Challenges we ran into

The agent kept clustering. Our first design was one prompt: here are 5 volunteers, dispatch all of them. About 30% of the time, the model would pull a far-flung volunteer back toward the cluster instead of spreading people out. We tested it head to head with per-volunteer prompts. Same model, same scaffolding, one inference per volunteer. The failure went away. The architecture is now per-volunteer by design.

Plan and action would not line up. When we gave the model long strategic preambles, it would write beautifully about sending Alice east and then dispatch her north. We flipped the structure. Decide first, justify second. The dispatch tool call comes first, the reasoning field gets filled in after.

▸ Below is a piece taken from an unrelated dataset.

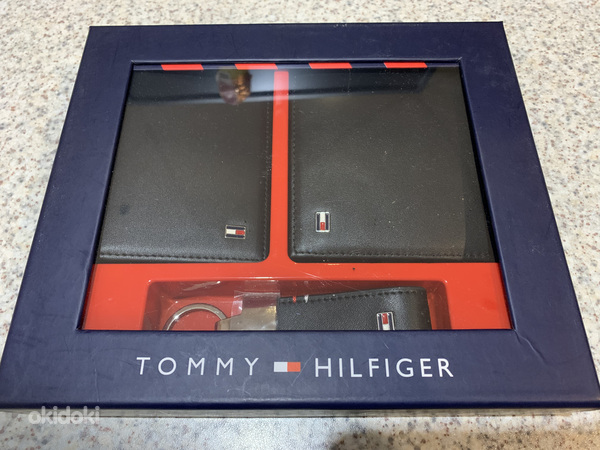 Набор Tommy Hilfiger- кошелек, визитница и брелок для ключей (фото #3)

The frontier as suggestion, not constraint. The model sometimes invented coordinates that looked plausible but did not exist in the grid. We hardened this on the server side. Every dispatch is post-validated against the database at tool call time, before any state changes.

Edge versus cloud. We initially scoped the demo for fully on-device inference. After we got it working end to end, we realized something obvious in hindsight. Real SAR coordinators often run incident command from a fire station 30 miles from the search. Cloud Nemotron is not a workaround. It is the realistic deployment model. We kept the on-device path documented as a migration target.

Accomplishments that we're proud of

  • Multiple people showing up live in the app, with coverage state lighting up across every map within 5 seconds. Walk into a hex, every other phone in the mission shades it green.

  • Real, sound dispatch decisions made fully autonomously by the agent. Nemotron picks the segment, writes the instruction, justifies the reasoning, and dispatch_searcher mutates the database. The volunteer's phone shows the new dispatch on the next poll cycle. End to end, no human in the loop.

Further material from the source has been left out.